EXCERPTED RECORDS:
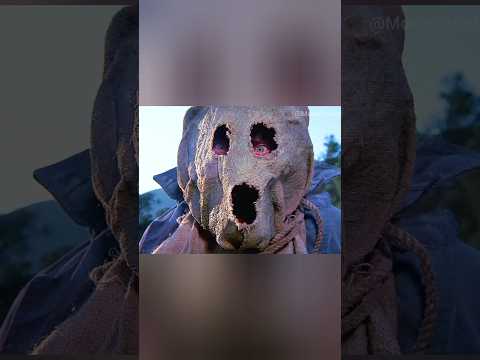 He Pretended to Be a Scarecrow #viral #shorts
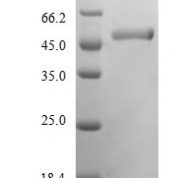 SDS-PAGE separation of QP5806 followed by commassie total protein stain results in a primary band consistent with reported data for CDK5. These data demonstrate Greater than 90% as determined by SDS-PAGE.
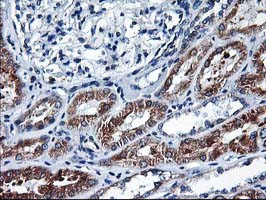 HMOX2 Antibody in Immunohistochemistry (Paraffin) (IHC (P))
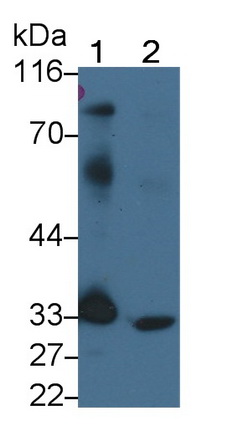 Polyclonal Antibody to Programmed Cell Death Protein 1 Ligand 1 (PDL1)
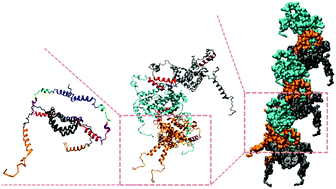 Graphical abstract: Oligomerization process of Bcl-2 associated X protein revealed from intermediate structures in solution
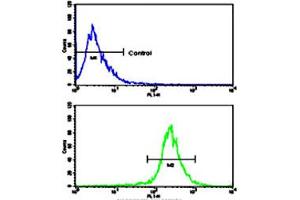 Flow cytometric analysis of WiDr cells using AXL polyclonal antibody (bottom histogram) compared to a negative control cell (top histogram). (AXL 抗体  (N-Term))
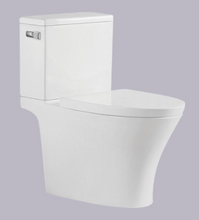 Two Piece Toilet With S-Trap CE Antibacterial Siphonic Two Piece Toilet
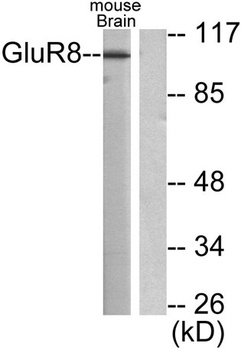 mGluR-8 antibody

==

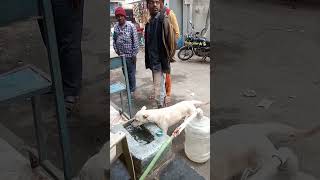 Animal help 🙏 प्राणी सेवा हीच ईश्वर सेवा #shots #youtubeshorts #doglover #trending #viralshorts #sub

...

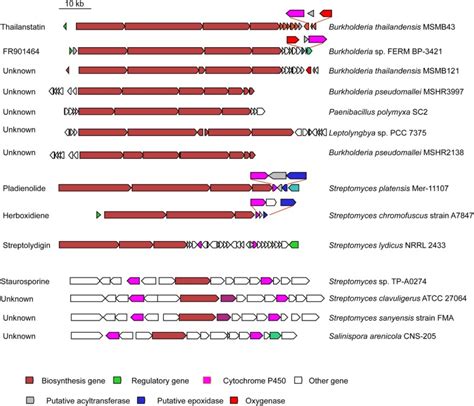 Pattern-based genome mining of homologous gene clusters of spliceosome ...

TASK DESCRIPTION:
Extract the part of the records that opens with the line containing "Two Piece Toilet With" and closes with the line containing "mGluR-8 antibody". Take only those lines, exactly, and no pictures.

RESULT OF THIS TASK:
 Two Piece Toilet With S-Trap CE Antibacterial Siphonic Two Piece Toilet
 mGluR-8 antibody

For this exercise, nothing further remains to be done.